◆ Problem statement
Give the number of lines in the material below that contain the word "Nature". No other content is needed.

◆ Data under study

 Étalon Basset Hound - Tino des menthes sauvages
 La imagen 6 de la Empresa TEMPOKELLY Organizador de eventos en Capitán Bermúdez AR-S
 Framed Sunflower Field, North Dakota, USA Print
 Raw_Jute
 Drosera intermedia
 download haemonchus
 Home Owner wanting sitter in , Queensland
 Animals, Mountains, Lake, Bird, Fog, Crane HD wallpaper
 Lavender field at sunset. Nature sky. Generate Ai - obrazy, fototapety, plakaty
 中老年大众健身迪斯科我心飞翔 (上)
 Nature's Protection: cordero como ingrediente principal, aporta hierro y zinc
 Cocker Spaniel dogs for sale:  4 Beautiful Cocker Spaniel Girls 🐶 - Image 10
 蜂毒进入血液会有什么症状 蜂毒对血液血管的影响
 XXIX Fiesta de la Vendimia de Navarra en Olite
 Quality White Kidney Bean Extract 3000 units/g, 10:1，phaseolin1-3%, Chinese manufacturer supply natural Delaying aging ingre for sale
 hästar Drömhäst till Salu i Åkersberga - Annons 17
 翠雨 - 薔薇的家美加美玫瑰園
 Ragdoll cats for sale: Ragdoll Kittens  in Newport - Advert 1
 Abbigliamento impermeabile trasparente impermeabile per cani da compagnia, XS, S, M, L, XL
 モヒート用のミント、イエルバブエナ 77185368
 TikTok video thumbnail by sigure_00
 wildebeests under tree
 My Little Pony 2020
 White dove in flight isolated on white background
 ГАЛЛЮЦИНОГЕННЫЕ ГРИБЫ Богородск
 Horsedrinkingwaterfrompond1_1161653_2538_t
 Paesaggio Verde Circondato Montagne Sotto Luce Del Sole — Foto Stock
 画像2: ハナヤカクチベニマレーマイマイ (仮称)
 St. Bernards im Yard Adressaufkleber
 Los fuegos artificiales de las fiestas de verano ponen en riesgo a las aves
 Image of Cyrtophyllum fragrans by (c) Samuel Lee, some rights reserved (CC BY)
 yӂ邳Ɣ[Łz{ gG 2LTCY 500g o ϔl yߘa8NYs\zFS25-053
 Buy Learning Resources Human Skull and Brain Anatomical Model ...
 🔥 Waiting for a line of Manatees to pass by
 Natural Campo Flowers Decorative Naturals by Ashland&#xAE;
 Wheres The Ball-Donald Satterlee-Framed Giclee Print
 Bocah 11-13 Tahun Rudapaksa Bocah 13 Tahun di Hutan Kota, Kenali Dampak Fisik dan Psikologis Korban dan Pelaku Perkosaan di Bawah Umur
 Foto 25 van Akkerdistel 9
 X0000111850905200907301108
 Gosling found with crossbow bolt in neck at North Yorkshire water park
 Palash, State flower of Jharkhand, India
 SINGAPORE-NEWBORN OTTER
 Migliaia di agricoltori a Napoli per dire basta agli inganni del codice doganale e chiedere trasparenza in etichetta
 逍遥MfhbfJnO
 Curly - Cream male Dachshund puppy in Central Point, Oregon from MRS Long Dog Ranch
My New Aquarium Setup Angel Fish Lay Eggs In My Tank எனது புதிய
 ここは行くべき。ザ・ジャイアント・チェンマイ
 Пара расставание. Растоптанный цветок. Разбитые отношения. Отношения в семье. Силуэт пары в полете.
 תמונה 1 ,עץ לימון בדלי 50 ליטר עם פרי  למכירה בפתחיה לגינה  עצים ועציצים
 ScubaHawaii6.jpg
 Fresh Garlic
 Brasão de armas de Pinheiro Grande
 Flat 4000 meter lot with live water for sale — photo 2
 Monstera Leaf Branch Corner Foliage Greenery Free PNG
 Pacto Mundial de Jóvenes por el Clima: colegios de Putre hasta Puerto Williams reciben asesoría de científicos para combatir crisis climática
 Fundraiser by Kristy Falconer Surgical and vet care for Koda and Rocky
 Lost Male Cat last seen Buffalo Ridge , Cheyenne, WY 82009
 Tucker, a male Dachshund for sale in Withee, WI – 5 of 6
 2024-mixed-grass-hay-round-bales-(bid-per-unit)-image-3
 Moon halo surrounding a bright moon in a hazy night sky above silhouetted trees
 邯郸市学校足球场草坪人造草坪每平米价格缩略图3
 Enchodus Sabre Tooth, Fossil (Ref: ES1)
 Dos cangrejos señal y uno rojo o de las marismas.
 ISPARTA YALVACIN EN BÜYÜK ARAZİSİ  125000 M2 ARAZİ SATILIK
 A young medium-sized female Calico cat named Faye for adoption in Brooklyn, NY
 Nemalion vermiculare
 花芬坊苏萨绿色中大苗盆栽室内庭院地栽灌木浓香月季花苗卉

◆ The answer
2